Endogeneity testing using correlation test I am currently testing my linear model using OLS method. The last thing I have to test is endogeneity issue. Is it enough if I test each explanatory variable for correletion with error term? Than means I save the residuals of my original model and I use them in cor.test in R paired with each explanatory variable? I would like to test first whether there is existence of the endogeneity issue before going further with advanced methods to deal with the problem.
I know there is proper way of testing using for example Hausman test which compares the results of OLS and 2SLS, but using 2SLS and IV seems to be very complicated to me considering the level of my knowledge.
 A: The reply of Dimitry can be enough, as markowitz says, but I'd like to add a very simple simulation:
> set.seed(1234)             
> x <- rnorm(1000)          # predictor
> u <- x + rnorm(1000)      # "true" error, correlated with x
> y <- 3 + 2*x + u          # outcome

Let's fit a linear model:
> fit <- lm(y ~ x)
> fit
[...]
Coefficients:
(Intercept)            x  
      3.029        3.016  

As you can see, the estimated coefficient for $x$ is biased. Why? Because $x$ and $u$ are correlated:
> cor(x,u)
[1] 0.7073596

What about residuals?
> r <- fit$residuals
> cor(x,r)
[1] 2.200033e-17

$x$ and residuals are not correlated, and they are never correlated. Why?
Well, we need a bit of math:
$$\text{if}\quad\hat\beta=(X^TX)^{-1}X^Ty,\quad\text{then}\quad r=y-X\hat\beta=y-X(X^TX)^{-1}X^Ty$$
and we always have:
$$X^Tr=X^Ty-X^TX(X^TX)^{-1}X^Ty=0$$
markovitz says: "I suppose that sabiste conflated the role of residuals with that of true error terms. Common mistake among neophyte." Sure, but not only among neophytes :)
Fifteen years ago a paper argued that "exogeneity constraints that are commonly assumed in econometric treatments of the Gauss-Markov theorem are unnecessary for OLS estimates of the classical linear regression model to be BLU" [...] "because orthogonality is a property of all OLS estimates. The geometry of least squares forces the errors in a regression equation to be orthogonal to all of the regressors in the equation."
A few years later, another paper was published in the same journal.
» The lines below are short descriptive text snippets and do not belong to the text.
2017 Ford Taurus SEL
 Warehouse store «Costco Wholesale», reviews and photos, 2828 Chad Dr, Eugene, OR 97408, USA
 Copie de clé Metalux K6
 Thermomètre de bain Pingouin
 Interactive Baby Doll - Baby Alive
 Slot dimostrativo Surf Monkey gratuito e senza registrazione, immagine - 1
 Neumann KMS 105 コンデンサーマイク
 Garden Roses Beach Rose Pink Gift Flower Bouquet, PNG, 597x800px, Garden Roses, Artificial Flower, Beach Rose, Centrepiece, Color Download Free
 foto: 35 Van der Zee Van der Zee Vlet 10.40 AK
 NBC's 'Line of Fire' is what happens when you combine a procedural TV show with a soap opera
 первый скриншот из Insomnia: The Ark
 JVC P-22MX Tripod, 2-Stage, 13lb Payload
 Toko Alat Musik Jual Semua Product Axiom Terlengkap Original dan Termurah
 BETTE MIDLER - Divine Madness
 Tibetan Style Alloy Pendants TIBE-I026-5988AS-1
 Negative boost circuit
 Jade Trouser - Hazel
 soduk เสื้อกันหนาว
Its title was: Wouldn't It Be Nice...? The Automatic Unbiasedness of OLS (and GLS): "the intrinsic orthogonality he is thinking of is of $X$ with $\hat{u}$ [my $r$], not $u$."
I think that reading those papers could be an (amusing, and) useful way to better understand the endogeneity issue.
A: This would not give you a valid test of endogeneity. Estimated residuals will be uncorrelated with included regressors by construction. You can work through the math or find a derivation, but you can also easily convince yourself of this with a simple simulation.
A: The reply of Dimitry can be enough. However I suppose that your question come from one "rule" frequently used in Econometrics books. Then, briefly, if some included regressors and error term are correlated we have endogeneity problem. Unfortunately some presentation do not underscore effectively what kind of "error term" are involved in this "rule".
We can intend it as the "true error term", the error term of the true model. The exogeneity assumption for OLS come from here.
Alternatively we can intend this "error term" as the error term of the misspecified model, where the misspecification can appear clearly only if the true model is known.
In real world this error term is an unobservable quantity. What you observe are the "residuals", related but different things. From residuals only we cannot discover endogeneity, in fact in OLS framework exogeneity is an untestable assumption.
EDIT: Just a warning. The problem of endogeneity (then exogeneity) is of tremendous importance in econometrics and can be write down in various version. Even for this reason the debate, and sometimes confusion, about those concepts is common. In my view concepts like endogeneity (then exogeneity) must be always related to causality and, therefore, structural concepts. I wrote something about that in this site, see here for instance:
endogenous regressor and correlation
Regression and causality in econometrics
Endogeneity in forecasting
Keeping aside the above aspects. Here I limit myself to suppose what sabiste had in his mind when wrote his question. In econometrics presentations is common to take back various problem like: omitted variables, simultaneity, measurement errors; to endogeneity problem. Shortly, endogeneity imply biasedness in some parameters.
In the "rule" the correlation between errors and included regressors are  indicated as the core of the problem; the trace of him. We can read Wikipedia also:
If the independent variable is correlated with the error term in a regression model then the estimate of the regression coefficient in an ordinary least squares (OLS) regression is biased; however if the correlation is not contemporaneous, then the coefficient estimate may still be consistent.
https://en.wikipedia.org/wiki/Endogeneity_(econometrics)
at least at general level, no other conditions are added.
I suppose that sabiste conflated the role of residuals with that of error terms intended as clarified above. Common mistake among neophyte.